I only caught one shoplifter. It was an elderly lady who added up her purchases on the back of an envelope and paid me with wrinkled bills and coins that she carefully mined from the bottom of her old, ragged purse. She never bought a brand-name item if there was a generic version available, and there was never a hint of luxury in her basket.
One day, I saw her in an empty lane slipping three or four Snickers bars into her bag. My duty, of course, was to Get The Manager, but instead I played lookout for her, making sure that no one else saw and that she got out of the store with little fanfare for her walk home.
I imagined that this was a special circumstance. Maybe she had a grandchild visiting, or a friend coming over to watch a rerun of a favorite movie on her old TV set that, no doubt, sported a pair of foil-covered rabbit ears.
Maybe she stole things all the time and I just didn’t know it. Maybe she was getting senile. It didn’t matter. I wasn’t about to have a poor old lady arrested for a little chocolate.
•Marketing Coordinator, unnamed small business: I extended two weeks worth of work into six months of employment with this company.
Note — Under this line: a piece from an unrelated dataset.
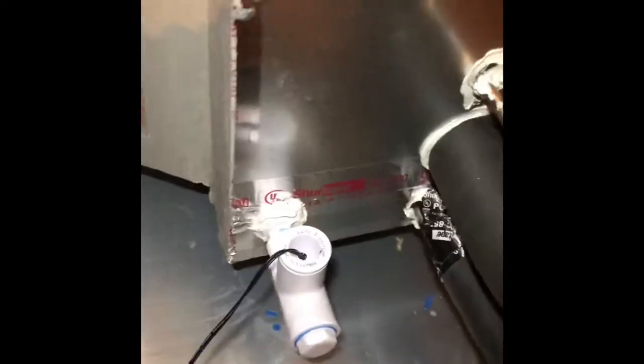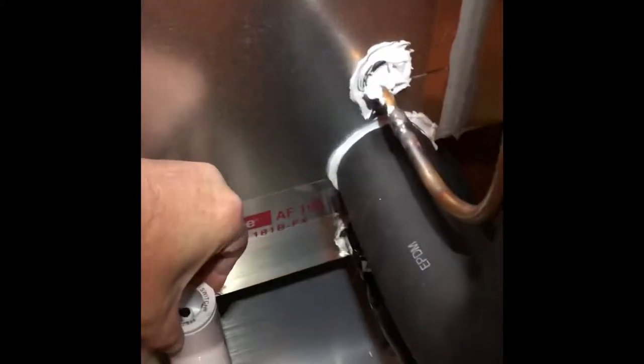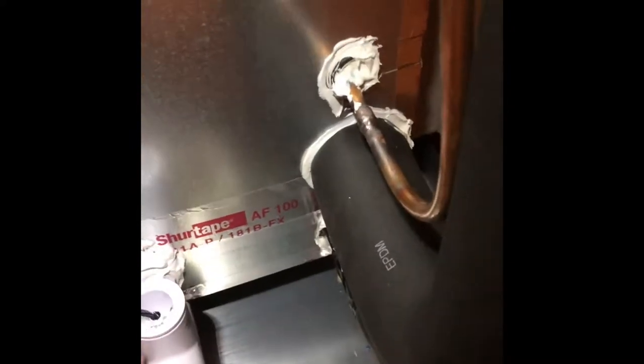We're back doing a commissioning on a job we just installed — this is a cooling condenser. They had an existing furnace here that we didn't change. What we did is put in a transition, new coil, and new drain pan. We put a flow switch in here for the secondary drain pan, and also a flow switch on the coil. This is designed so that if the water level rises, it's going to shut the unit off. We also installed a new plenum, using a different kind of collar.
The boss knew it and didn’t care. What counted was that such a small business had a Marketing Coordinator on staff, even if there was nothing to coordinate.
Luckily, I was by myself in the office most of the time and had ready access to the Internet and free coffee. Not so luckily, when the boss was there, he grooved to barbershop quartet music and Rush Limbaugh. He also whistled. Inside. A lot. To this day, I can’t help but glare at anyone who dares whistle in my presence.
My replacement tracked me down several weeks after I left and called me to see what the job duties were supposed to be. I still remember his exact words when I told him the truth: “Seriously? Christ.”